Material for this task Start Marker

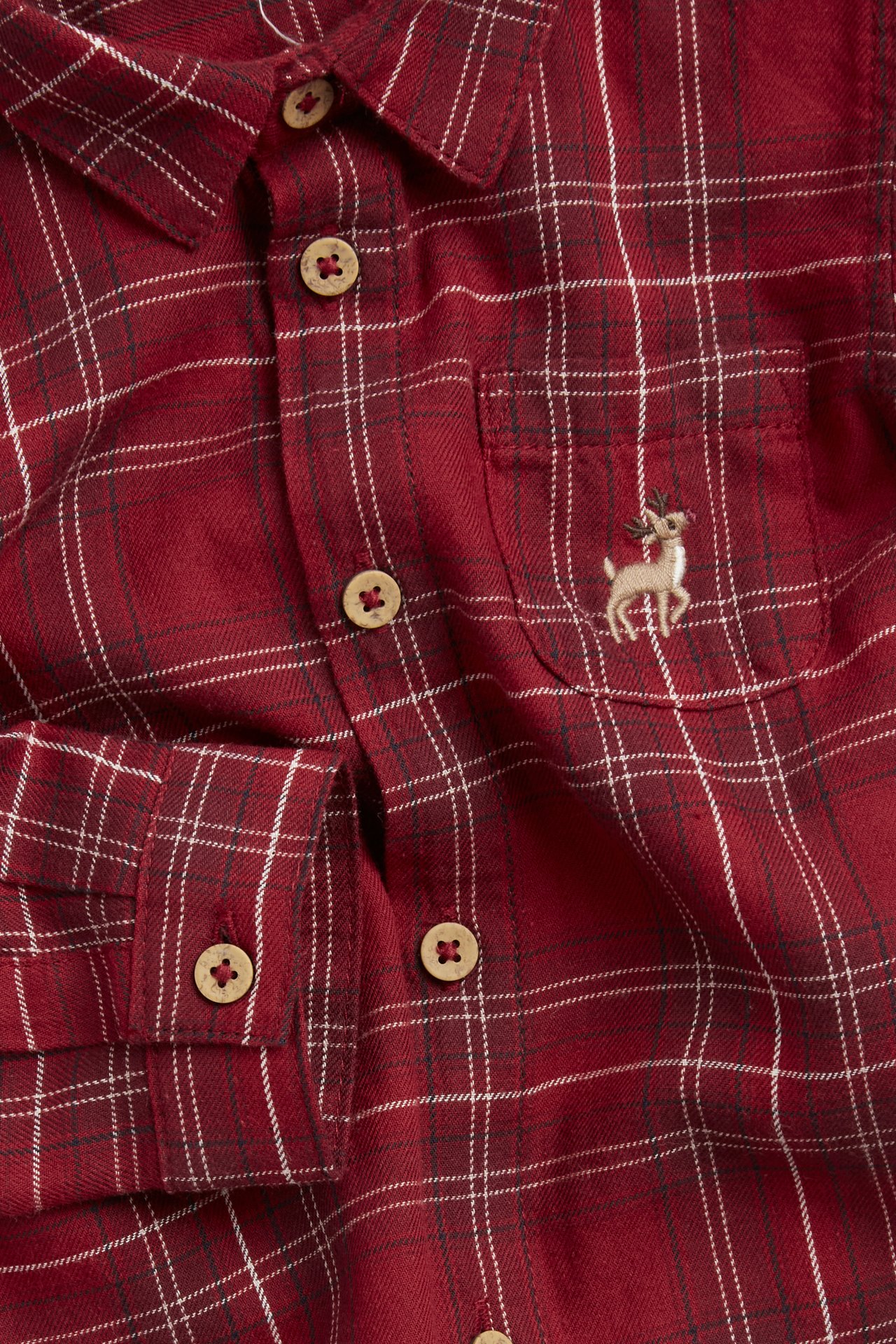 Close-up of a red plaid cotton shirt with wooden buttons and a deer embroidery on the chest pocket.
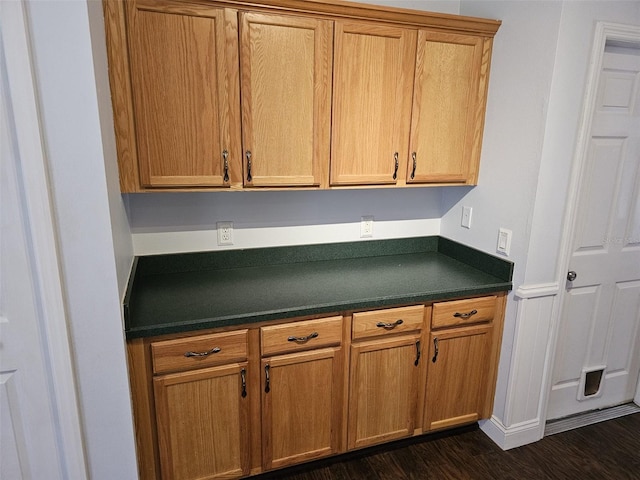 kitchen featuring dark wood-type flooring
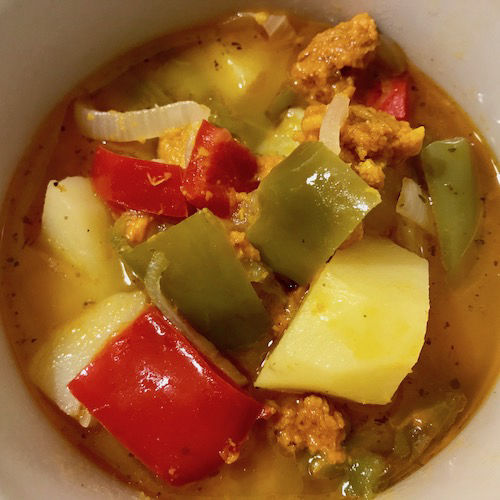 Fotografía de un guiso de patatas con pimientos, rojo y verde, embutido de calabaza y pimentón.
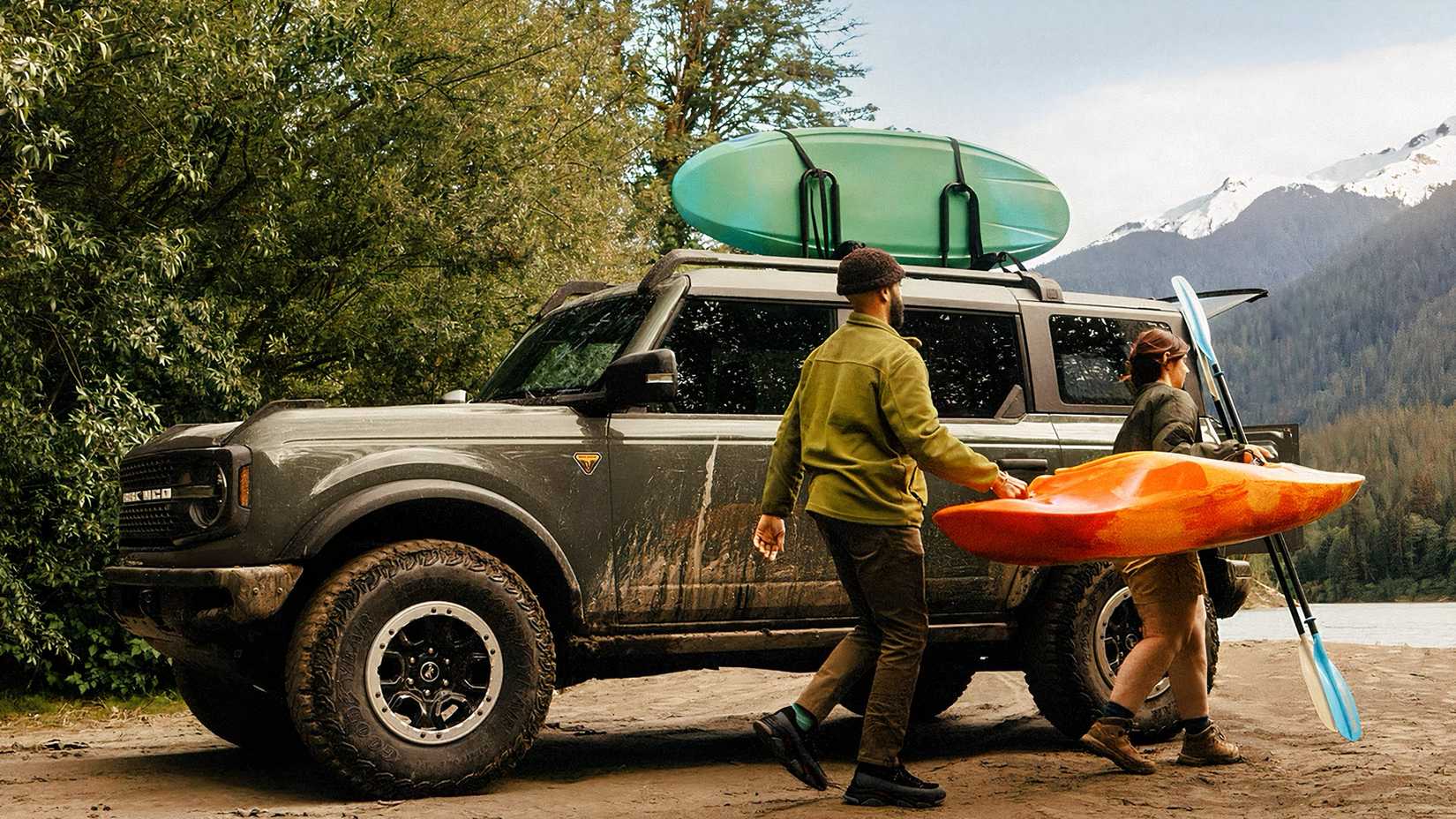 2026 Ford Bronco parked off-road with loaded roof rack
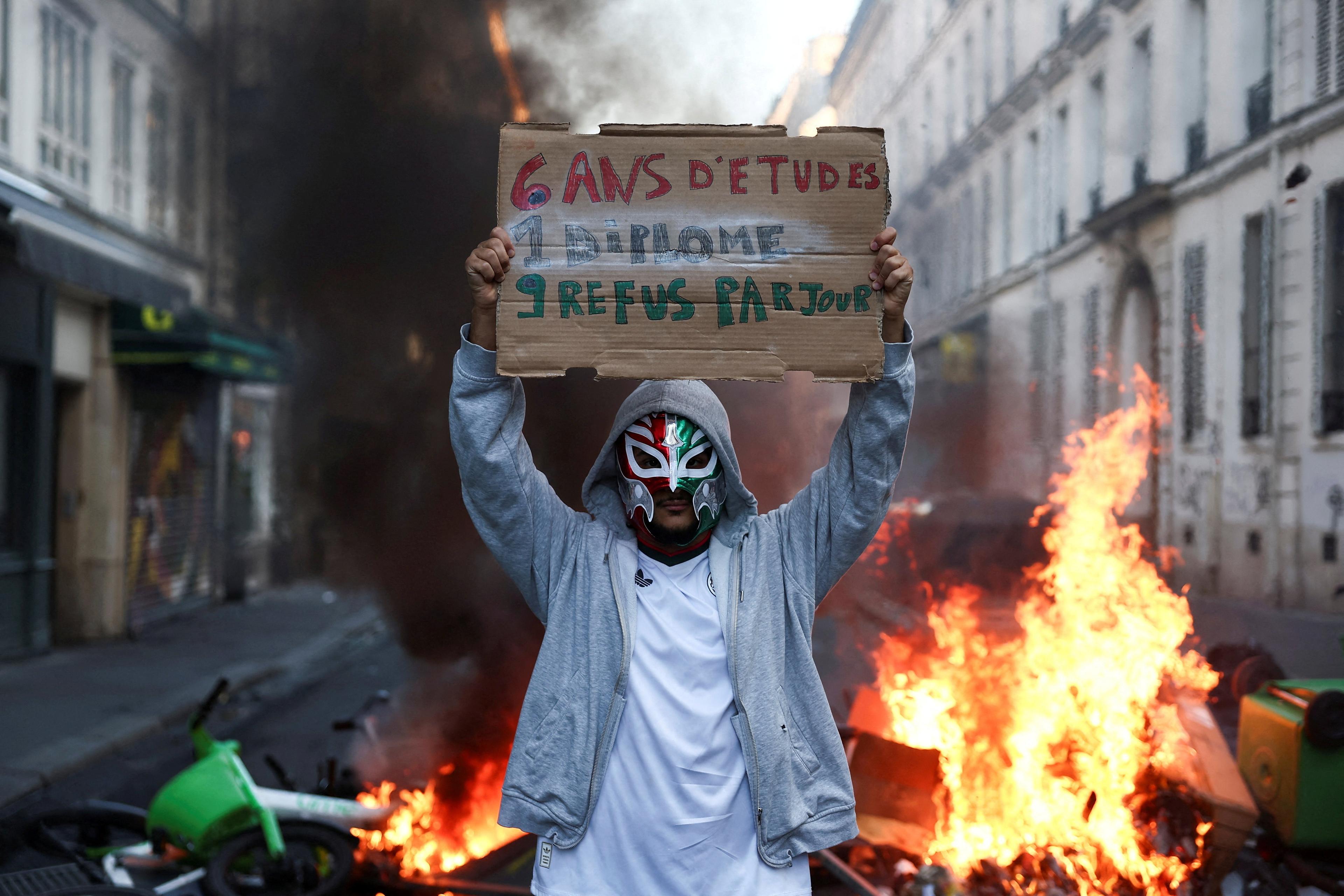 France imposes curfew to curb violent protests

Material for this task End Marker
Material for this task Start Marker

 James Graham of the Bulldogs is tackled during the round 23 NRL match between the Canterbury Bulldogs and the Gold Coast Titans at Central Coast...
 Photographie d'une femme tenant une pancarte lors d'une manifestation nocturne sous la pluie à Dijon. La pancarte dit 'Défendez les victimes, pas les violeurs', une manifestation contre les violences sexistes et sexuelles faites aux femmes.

Material for this task End Marker

Repeat exactly the stretch of the listing above that starts with the line holding "Close-up of a" and finishes with the line holding "France imposes curfew", both included. Skip every picture.

### Your response
 Close-up of a red plaid cotton shirt with wooden buttons and a deer embroidery on the chest pocket.
 kitchen featuring dark wood-type flooring
 Fotografía de un guiso de patatas con pimientos, rojo y verde, embutido de calabaza y pimentón.
 2026 Ford Bronco parked off-road with loaded roof rack
 France imposes curfew to curb violent protests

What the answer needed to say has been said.